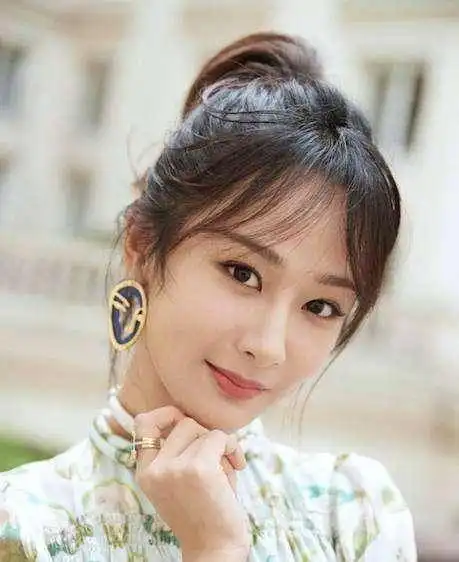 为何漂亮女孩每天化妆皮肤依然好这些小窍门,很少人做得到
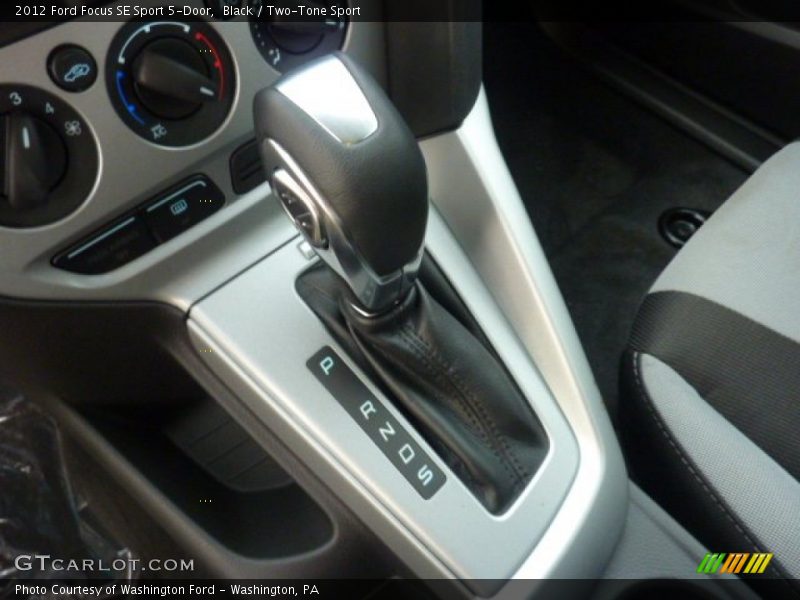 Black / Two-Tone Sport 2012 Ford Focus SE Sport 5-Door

........

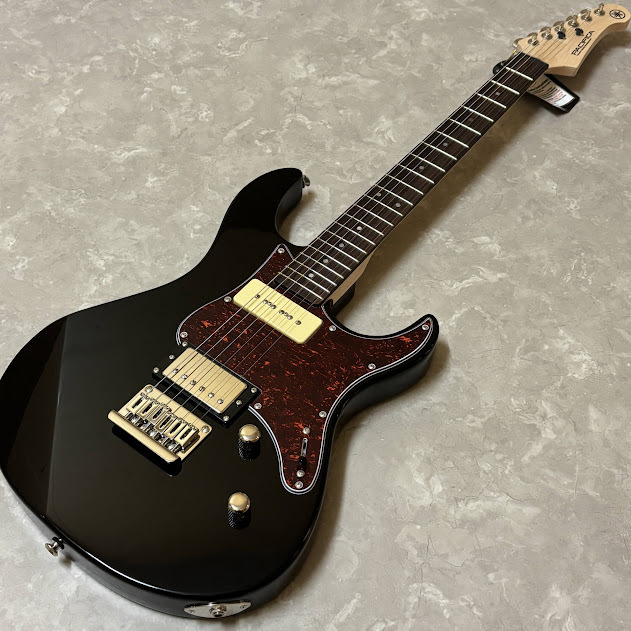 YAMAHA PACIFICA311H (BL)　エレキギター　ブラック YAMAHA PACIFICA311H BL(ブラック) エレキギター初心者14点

........

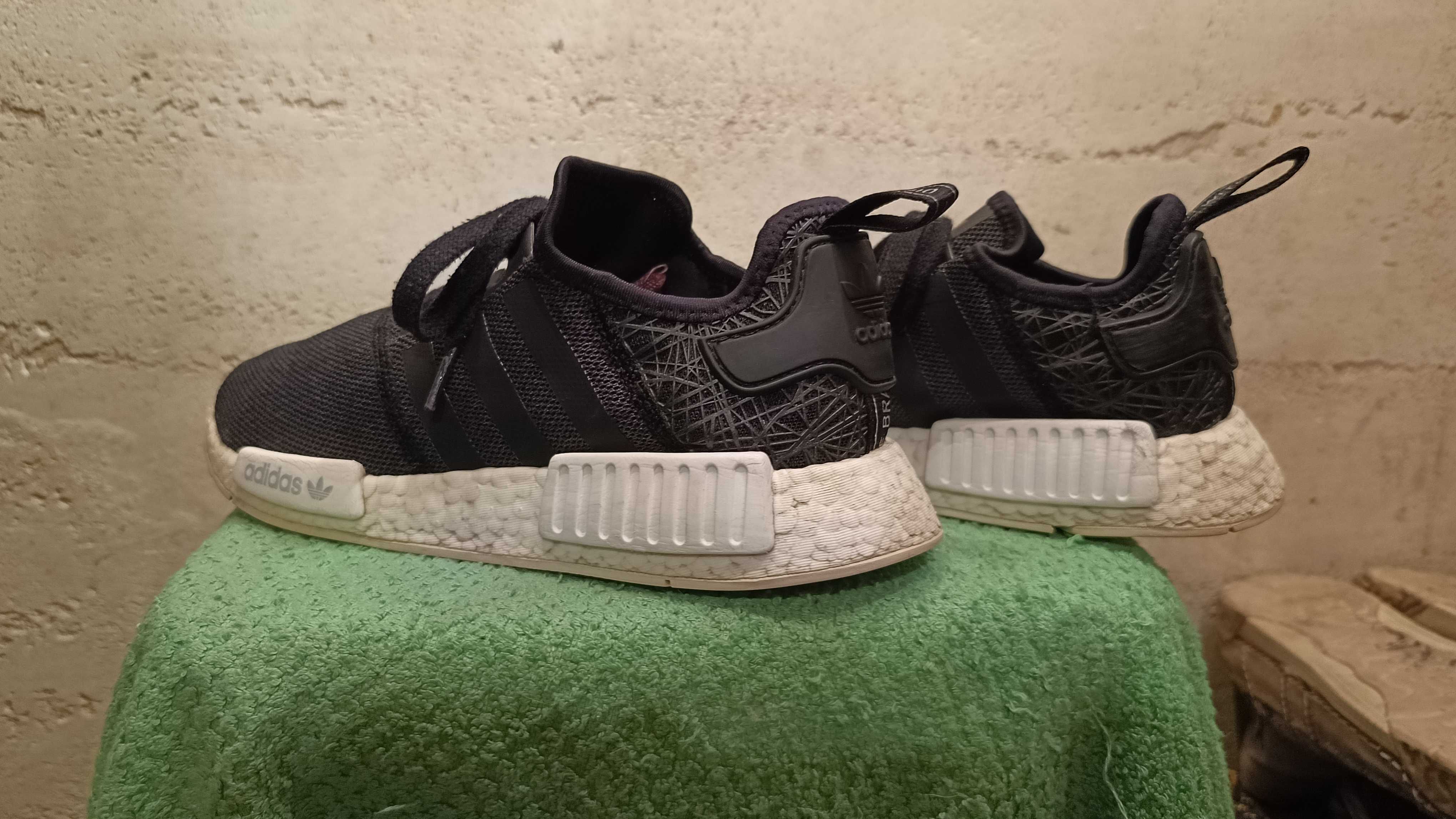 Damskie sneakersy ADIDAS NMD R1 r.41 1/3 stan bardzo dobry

........

What is expected =
Range to print from the listing above: from the line with "为何漂亮女孩每天化妆皮肤依然好这些小窍门,很少人做得到" up to and including the line with "Black / Two-Tone". Please print those lines exactly, with no pictures and nothing more.

Expected answer =
 为何漂亮女孩每天化妆皮肤依然好这些小窍门,很少人做得到
 Black / Two-Tone Sport 2012 Ford Focus SE Sport 5-Door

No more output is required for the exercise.